◆ **EXERCISE DIRECTIONS**: Give back the data exactly, with no images.

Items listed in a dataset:

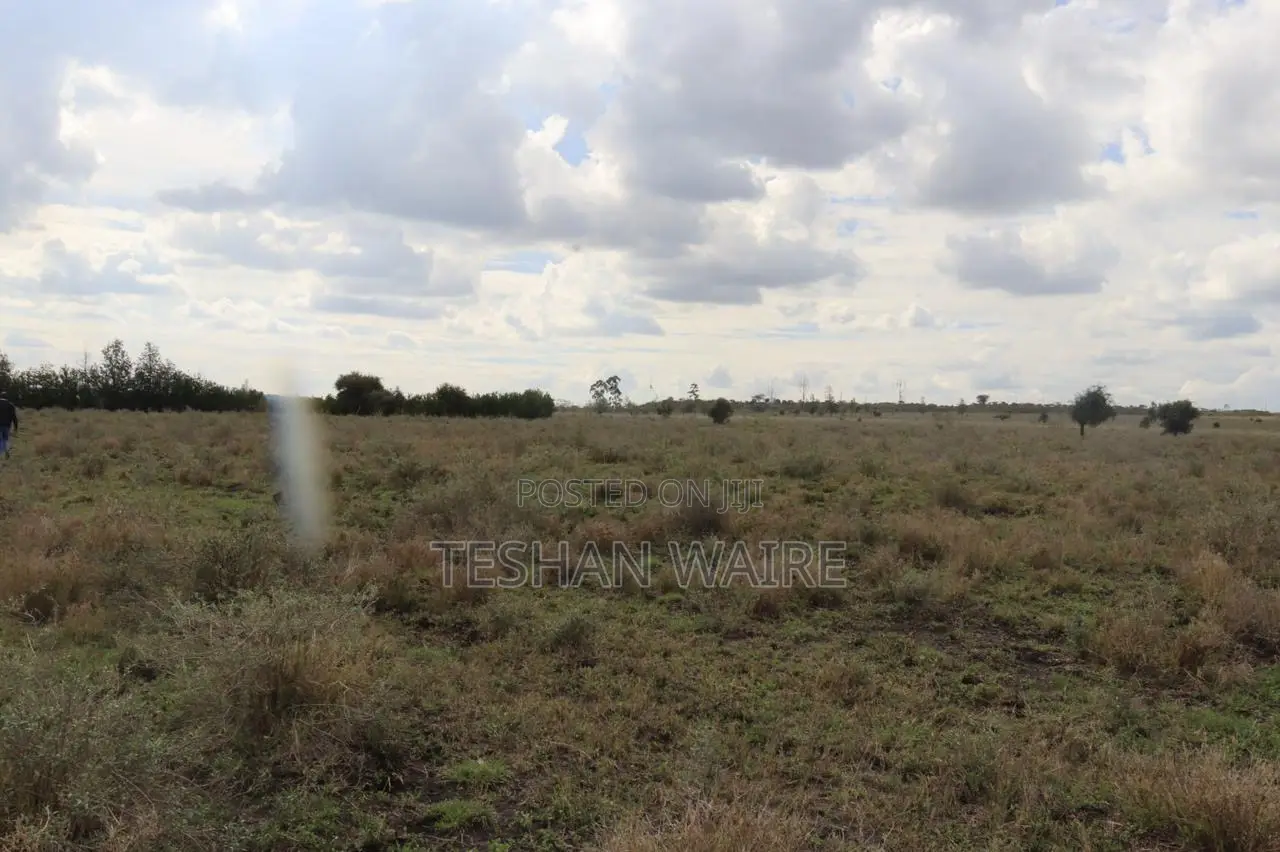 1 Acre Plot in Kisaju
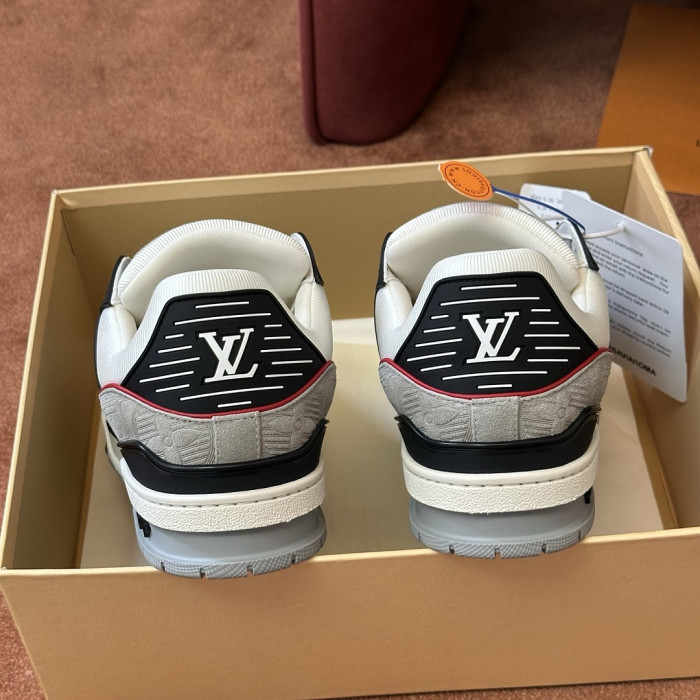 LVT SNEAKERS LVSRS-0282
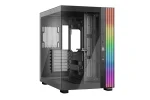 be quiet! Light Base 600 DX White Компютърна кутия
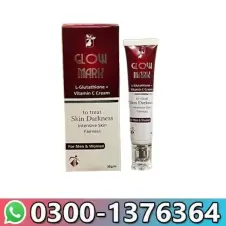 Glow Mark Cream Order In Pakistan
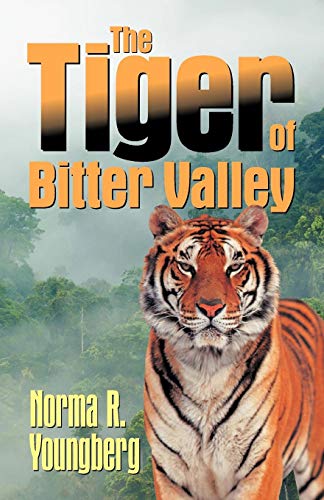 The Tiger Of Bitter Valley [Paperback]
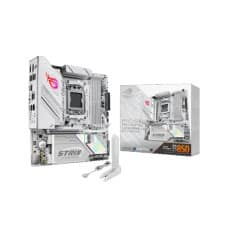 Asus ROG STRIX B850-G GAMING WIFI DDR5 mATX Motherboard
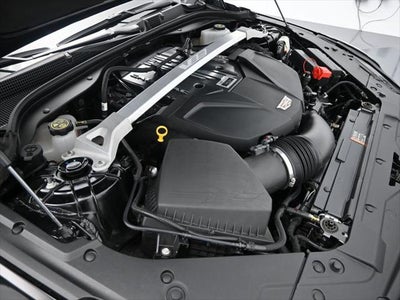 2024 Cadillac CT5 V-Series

◆ **OUTPUT OF THE EXERCISE**:
 1 Acre Plot in Kisaju
 LVT SNEAKERS LVSRS-0282
 be quiet! Light Base 600 DX White Компютърна кутия
 Glow Mark Cream Order In Pakistan
 The Tiger Of Bitter Valley [Paperback]
 Asus ROG STRIX B850-G GAMING WIFI DDR5 mATX Motherboard
 2024 Cadillac CT5 V-Series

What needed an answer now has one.